Amnesty International’s Secretary General Irene Khan stated: “Poverty is the world’s worst human rights crisis.”
“Discrimination, state repression, corruption, insecurity and violence are as much defining features of poverty as the lack of material resources. These human rights problems can’t simply be solved by raising income levels,” said Irene Khan.
She also argued that material benefits alone do not guarantee an end to discrimination, or improve security or give voice to those living in poverty, adding that investment in agriculture may boost crop yields for poor farmers but does not guarantee security of tenure against unscrupulous land owners.
She also argued that building new schools doesn’t guarantee that girls will have the same access to education as boys.
“In many countries economic growth levels may be high but people’s right to be informed and consulted in public policy is ignored; their right to express their views and be heard is curtailed. The poor are shut out and ignored.
“Any successful poverty alleviation strategy must empower the poor to claim their rights, so that they can control their destiny and can hold decision makers to account,” she said.
Launching her book The Unheard Truth: Poverty and Human Rights in New York, Ms Khan argued that eradication of poverty requires respect of economic, social and cultural rights - such as health care, education and housing - along side civil and political rights.
“There can be no sequenced or partial approach to human rights if we want to solve poverty.

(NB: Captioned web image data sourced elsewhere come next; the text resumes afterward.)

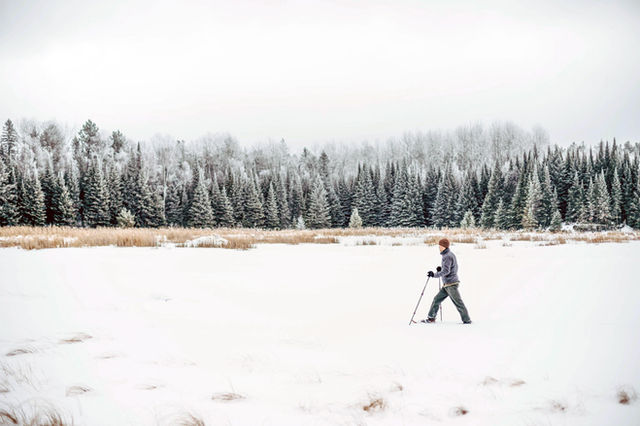 Photograph of person snowshoeing across frozen lake with snowy trees in the background.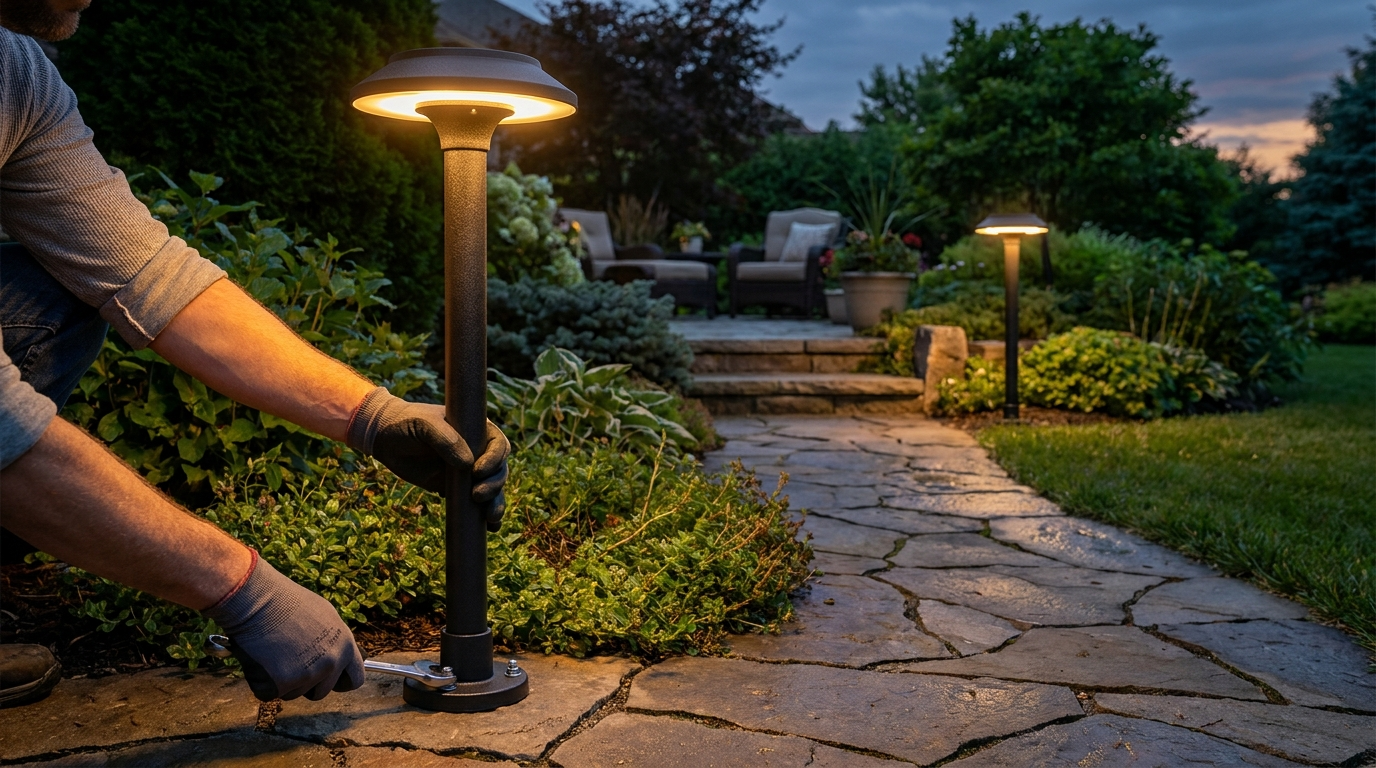 solar post lights in action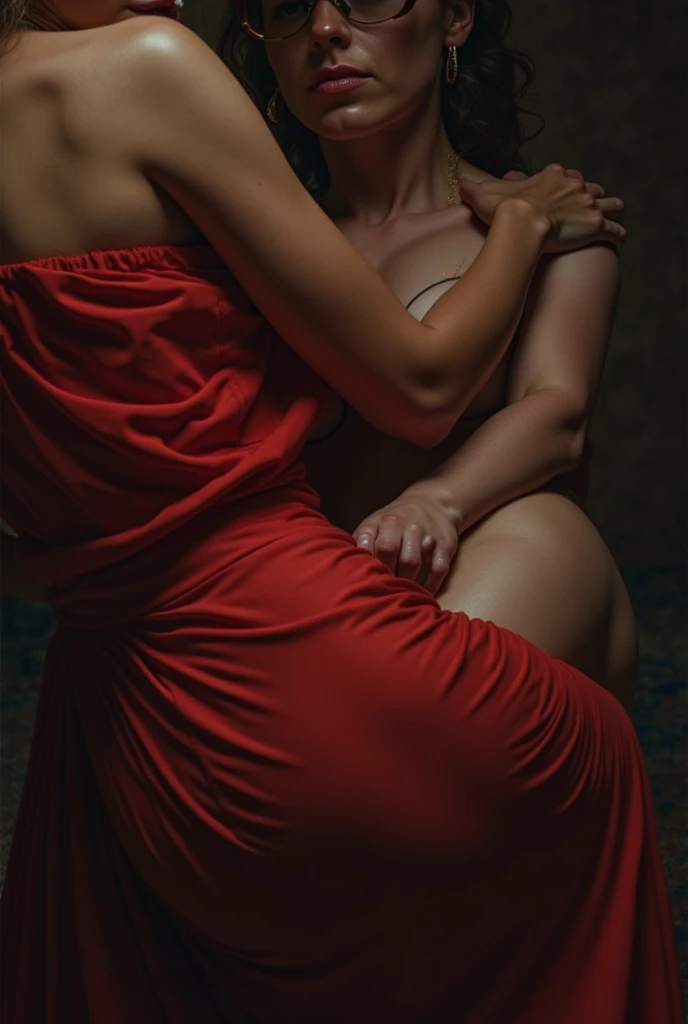A naked woman giving birth a many baby monster in pain through her with a female monster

Demanding participation rights is as important as directing resources to meet basic needs for food, health and shelter. Protecting people against violence is as crucial as ending discrimination. Reducing maternal mortality calls for better health care but also for the improvement of the status of women,” she said.
With ten chapters addressing topics such as why freedom matters, discrimination, the poverty trap, maternal mortality, slums, corporate accountability and legal empowerment, The Unheard Truth calls for justice and empowerment for the world's poor and puts a human face to a problem that is all too often illustrated by abstract statistics.
The Unheard Truth marks a new phase in Amnesty International’s worldwide campaign to Demand Dignity in which world leaders will be targeted and challenged to address human rights abuses that drive and deepen poverty.
"The fight to end poverty is this generation's greatest struggle. We will win it if we put freedom, justice and equality at its core," said Ms Khan.
The book is part of Amnesty International's global campaign called Demand Dignity which calls for an end to the human rights violations that drive and deepen poverty. The Demand Dignity campaign mobilises people all over the world to demand that governments and corporations listen to the voices of those living in poverty and respect their rights.
The campaign was launched in the slums of Kenya in June with a global call to end forced evictions. The campaign was taken to Sierra Leone in September where it focused on reducing maternal mortality.